For centuries savings accounts worked on a basic principle: in exchange for giving the bank the use of your money, you received interest on the money in your account. The bank made its money by lending depositor money to borrowers at a higher interest rate than what it paid to depositors. That spread ended up being the bank’s profit. But in an era in which central banks have tried to push interest rates to zero and even below, that centuries-old relationship has been stood on its head.
The European Central Bank (ECB) has been at the forefront of pushing negative interest rates, with its -0.40% overnight deposit rate. Many banks in Europe have been reluctant to pass on the cost of that negative rate to depositors, worried that they will pull their money and take their business elsewhere. Given the nature of fractional reserve banking and how highly leveraged banks are, even a small percentage of deposits being withdrawn can lead to a bank’s collapse. But that reluctance to charge depositors negative interest rates has finally been overcome.

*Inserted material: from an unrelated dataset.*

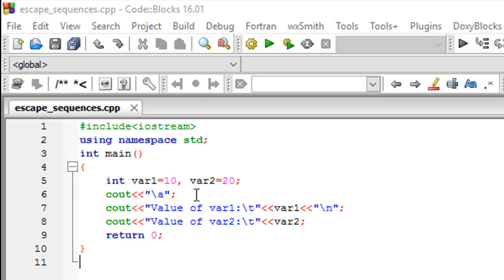The \t or horizontal tab generates space equivalent to five space characters, if I'm not wrong, and both are very simple to use.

Swiss bank UBS has announced that it will start charging interest rates of -0.75% to its clients who hold account balances of greater than 2 million Swiss francs ($2.05 million). The Swiss National Bank (SNB) deposit rate is -0.75% and, with the ECB promising to push its rate down below -0.40% for a longer period of time, the SNB is prepared to push its rate down to -1% in September. That might get depositors to start thinking about pulling their money out of banks. And at that point the easy money policy that is supposed to be expansive actually becomes contractionary, as money leaves the banking system and gets held outside the system.

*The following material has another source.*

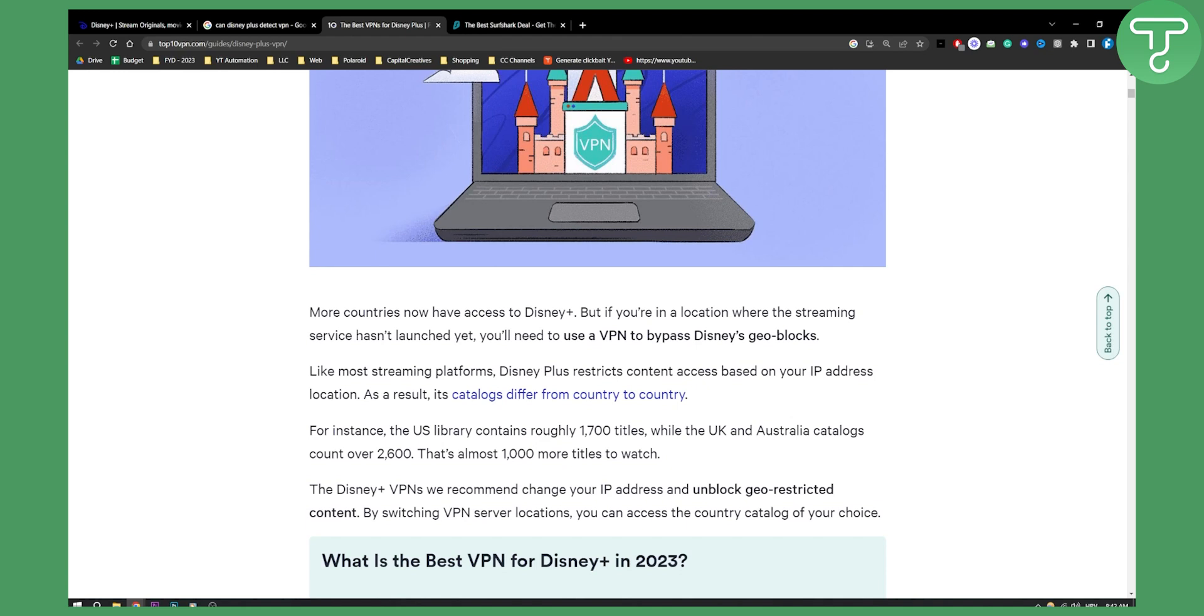Disney actually blocks VPNs, especially VPNs that are not really that good. So what I would recommend is if you're going to use a VPN, you need to use a VPN that is trusted.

Imagine that you’re a rich person and you’re being told that you’ll have to pay 1% of your wealth each year just to hold money in the bank. At over 2 million Swiss francs, you’d be paying the bank $20,000 each year just for the privilege of having them use your money. At that rate, why not just buy a professional safe and store it yourself, or store it with a professional custodian? After all, 2,000 CHF1000 notes would easily fit in a briefcase. Why keep it in a bank when you can protect it better yourself?

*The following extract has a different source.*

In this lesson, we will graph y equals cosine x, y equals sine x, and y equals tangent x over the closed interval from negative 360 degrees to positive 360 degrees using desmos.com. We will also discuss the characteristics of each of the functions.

That’s the dilemma that more and more banks will start to face, particularly as Credit Suisse and other banks start to consider introducing negative interest rates too. Other banks in the EU will undoubtedly face the same pressure once the ECB sinks interest rates even further, which could push the ECB to have to start raising rates again. If it fails to do so, and clients pull their money out of the banking system, negative interest rates could end up causing a complete collapse of the European financial system.